Une troisième réserve possible sur notre étude est que les pauses ne représentent pas nécessairement des hésitations (voir ch. 2, sections 5.1 et 5.2). Étant donné qu’ill existe également un emploi stylistique des pauses, il n’est pas tout à fait sûr qu’elles représentent des indices de la fluidité du débit.

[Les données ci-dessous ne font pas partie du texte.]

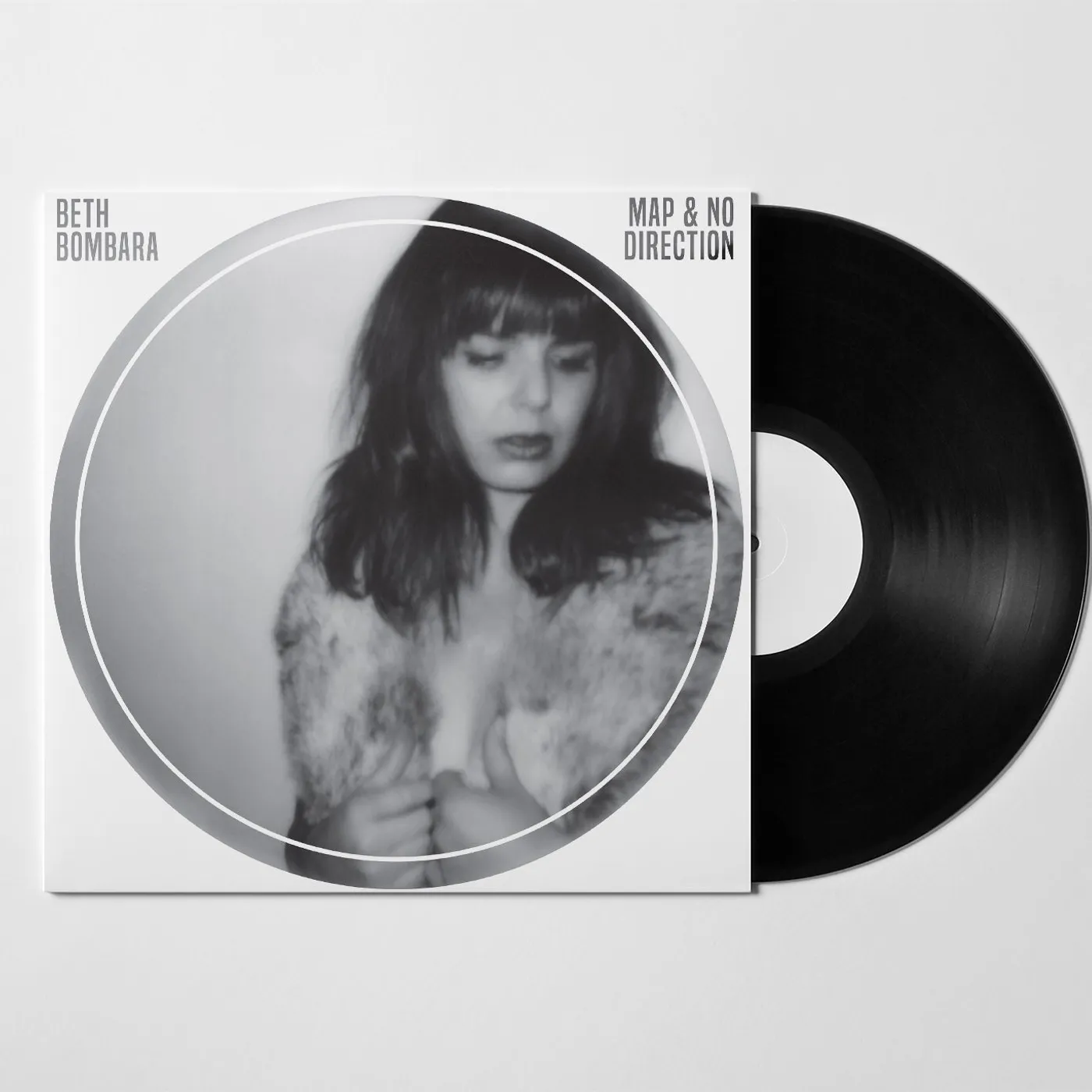 Beth Bombara Map & No Direction 12"LP (Vinyl)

Dans ce cadre général, notre démarche est basée sur deux prémisses:

  1. les interprétations consécutives proposées dans l’étude ont essentiellement une fonction informative. Il paraît donc improbable que les sujets cherchent à créer des effets stylistiques à travers l’emploi des pauses (voir, en particulier, section 4.2 du prèsent chapitre: tableau 26). Toutefois, on ne peut exclure a priori la recherche d’un tel effet. En tout état de cause, la durée des pauses, à différents niveaux de formation/expérience et en fonction de la langue d’arrivée, fournit un terme de comparaison qui permet une évaluation cohérente et précise ;
  2. bien que les pauses ne soient pas nécessairement des hésitations, elles fournissent néanmoins des informations concernant la gestion du débit. Dans cette optique, M. Raupach (1980) et d’autres chercheurs les considèrent comme des « variables temporelles » du discours, et donc comme des indices de la fluidité du débit.